Se tudo der certo, em algumas semanas a implantação dos microchips será feita em 29 clínicas veterinárias conveniadas pela Prefeitura, que cobrarão R$ 9 pelo chip, sem custo pelo serviço de aplicação. A lista de clínicas estará no site www.proteca oanimal.curitiba.pr.gov.br.
O chip implantado nos animais é um microcircuito contendo um código único, que depois é identificado por um escâner que emite uma onda de rádio sobre ele.
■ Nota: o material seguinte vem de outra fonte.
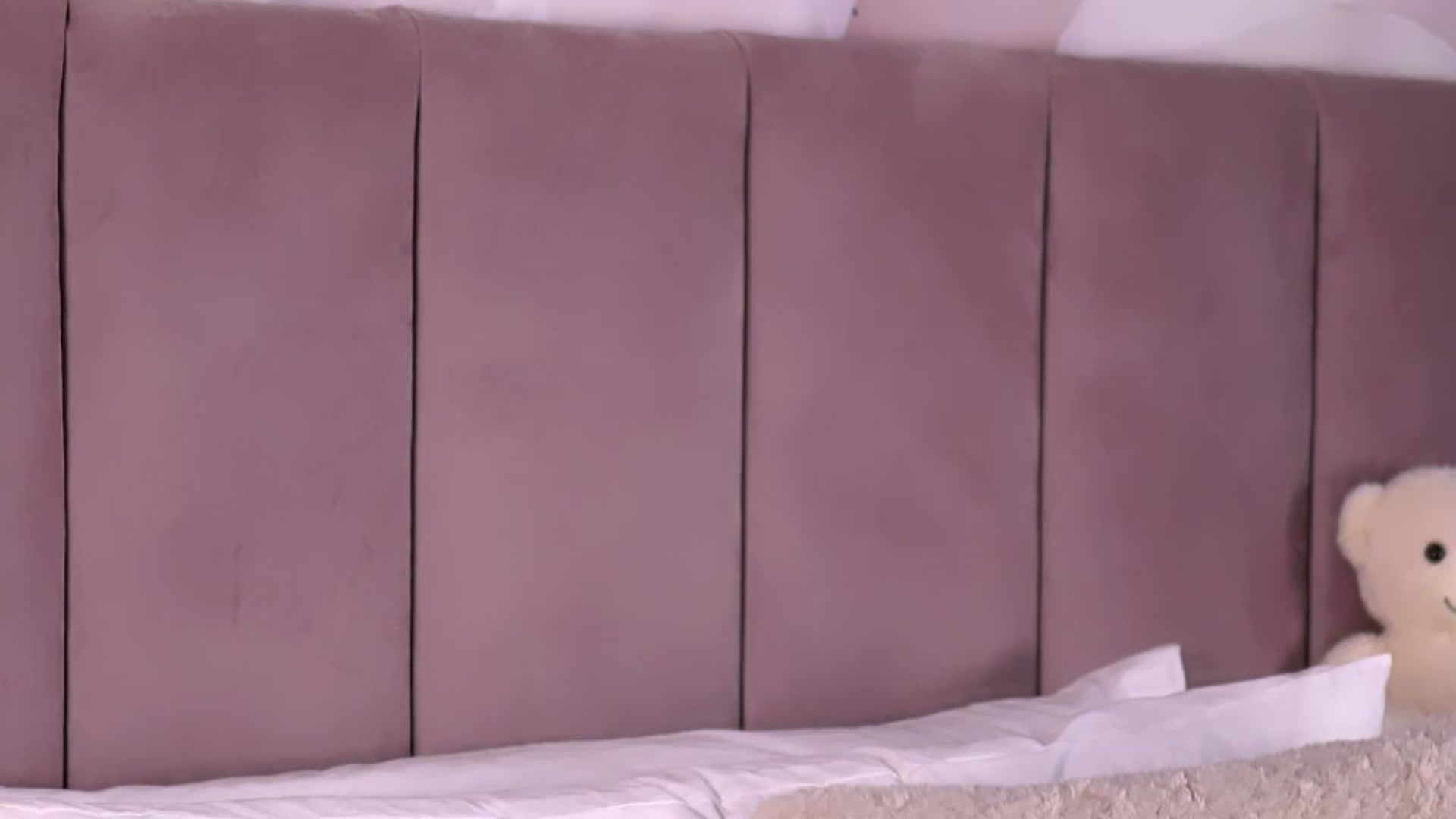 Gallery image thumbnail from AnaisBellas's myfreecams stream on, 09/13/2026, 09:32 image 13 of 20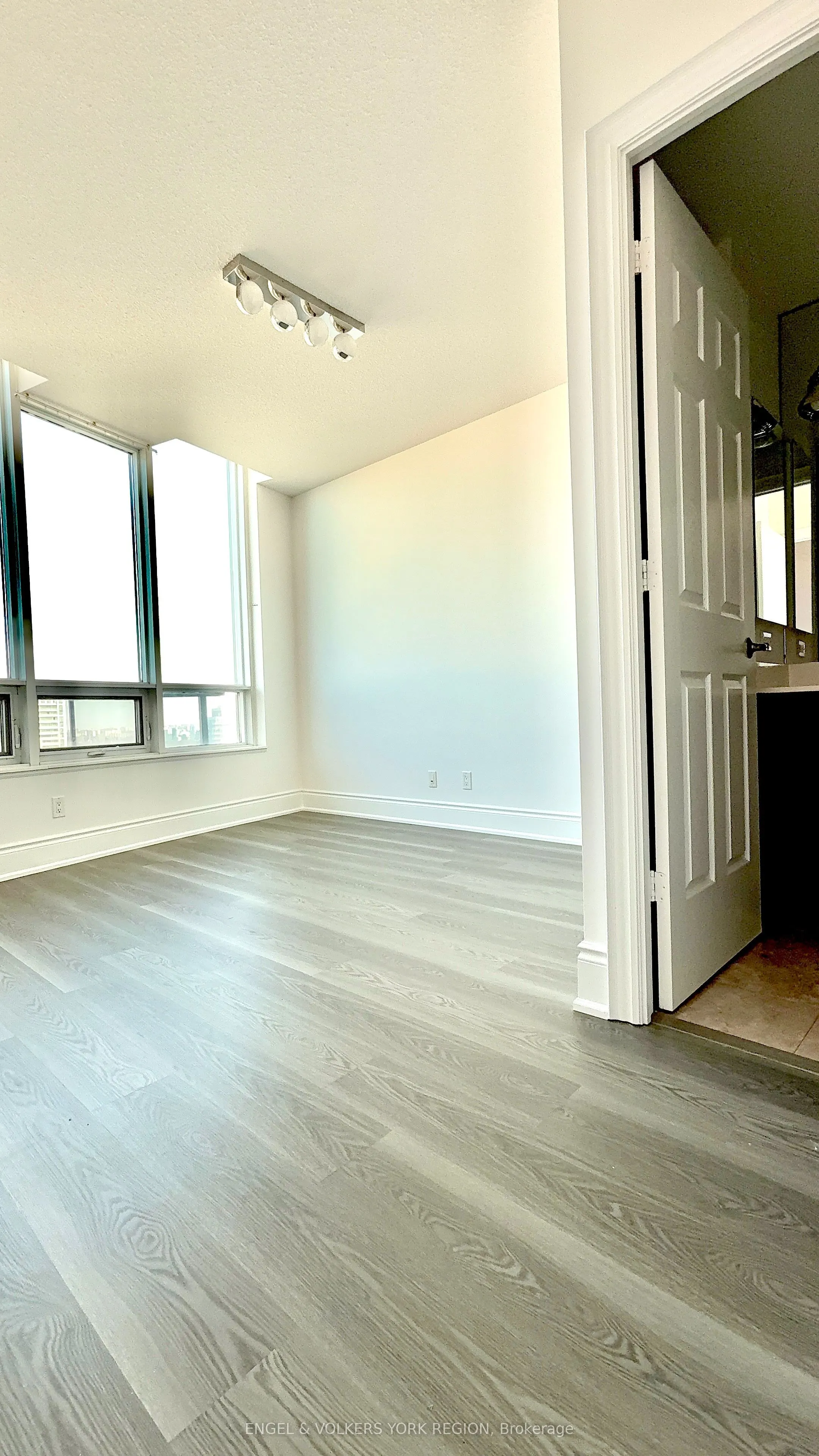 15 Greenview Avenue, #PH14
Tal como um documento de identidade, o número do chip é registrado no site da Rede de Proteção Animal, junto com informações como nome, raça, ficha médica do bicho e endereço do dono.
“Se a minha cachorra um dia se perder e alguém levá-la até uma das clínicas que tenham leitores de chip, as pessoas poderão entrar em contato comigo”, explica o operador de máquinas Washington Cornachini, satisfeito por ter microchipado a cachorrinha Meg logo que a adotou, na própria feira.
A disseminação dos chips também vai propiciar à prefeitura um maior controle sobre a população animal. “Saberemos, com mais precisão, quantos bichos existem em Curitiba, onde eles estão e que doenças eles têm”, afirma Marcos Traad. O diretor do Zoológico lembra ainda que, com o equipamento, será mais fácil cobrar da população uma guarda responsável, identificando os donos que maltratam e abandonam seus bichos.
Serviço
Antes de aplicar o microchip, é preciso cadastrar as informações do animal e seu dono no site www.protecaoanimal.curitiba.pr.gov.br. Bichos que já têm outros tipos de microchips também podem ser cadastrados no sistema da prefeitura.